Dans un langage formaté, digne d’élèves de l’ENA, et très langue de bois: les trois complices sont là pour nous vanter…et nous vendre les produits fabriqués par leur firme , le Groupe Vigi-Conseil : caméras de surveillance ou de vidéo-protection c’est selon, pistolets Taser, coffrets de sécurité avec Taser de poche, gel paralysant, etc..

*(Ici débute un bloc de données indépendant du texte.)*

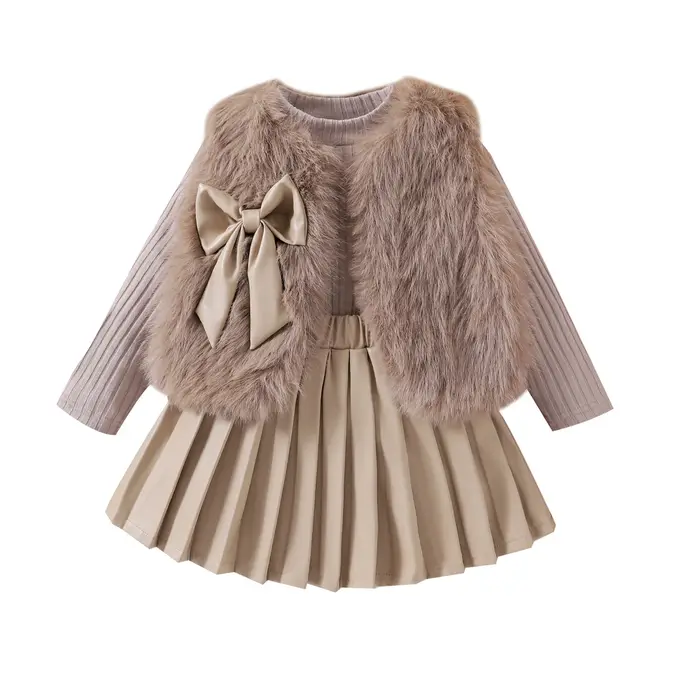 Vêtements pour enfants de 1 à 7 ans, manteau en fourrure + haut tricoté + jupe en cuir plissée, ense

Mais on attend madame la sous-préfète, aux cheveux faussement blonds, ce qui est rarement bon signe; elle arive non en retard mais retardée, très sûre d’elle: elle a la voix criarde et le verbe haut, elle est chez elle, puisqu’elle est gardienne de l’ordre public et le manifeste bien » la meilleure défense reste l’attaque, etc…. Aucun scrupule à jouer sur l’émotion ressentie à l’occasion du meurtre d’une petite fille: tous les coups sont permis dès lors qu’il s’agit de vendre de la sécurité. Et le commandant de conclure: » Je crois que l’on a bien avancé sur le sujet! Il y a aussi un hommage aussi ridicule que naïf, en forme de poème, d’un des vigiles à un collègue décédé, et un petit film réalisé par une jeune cinéaste sur les effets de la violence,. mais, la projection se passe mal: coupures d’images et de son: bref, le commandant de gendarmerie n’apprécie pas du tout ce que se permet de dire la jeune femme et lui rappele que lui et son épouse aiment le cinéma, celui de Woody Allen et de Bunuel en particulier, et qu’il ne saurait tolérer une qualité d’images aussi médiocre. . . Mais il y a comme un couac, puisque le commandant de gendarmerie déclenche un projectile de la mallette qui va blesser le cadre de la société au-dessus de l’œil. Le commandant , plutôt ennuyé, ne trouve plus ses mots et prétend qu’il n’y est pour rien, puis s’en va piteusement par l’allée centrale. Cela aurait pu faire une belle fin mais le Theatre Group a rajouté quelques démonstrations de combat des vigiles, et une engueulade du directeur de Vigi-Consil avec un représentant de la CGT…Ce qui n’était sans doute pas utile. A cette réserve près, le spectacle est à la fois très drôle et inquiétant, mais surtout ludique, bien mis en scène, avec un dialogue d’une grande qualité et une force d’ interprétation rarement atteinte. La démonstration quant aux aspects souvent très limites de ces sociétés de surveillance aux méthodes souvent musclées qui fleurissent un peu partout, est impeccable, et est d’une drôlerie remarquable.
Que demande le peuple? Rien d’autre , le peuple, et, en particulier, les jeunes gens, étaient enthousiastes, et nous aussi. En une heure trente, le Théâtre Group de Lons-le-Saunier signe là, sans contestation possible, un des meilleurs spectacles du Festival. Merci à Jean-Marie Songy de l’avoir invité.
S’il reste des places, courez-y, malgré la chaleur, vous ne le regretterez pas.
Philippe du Vignal
Salle de la Vidalie à Arpajon-sur-Cère jusqu’au 20 août.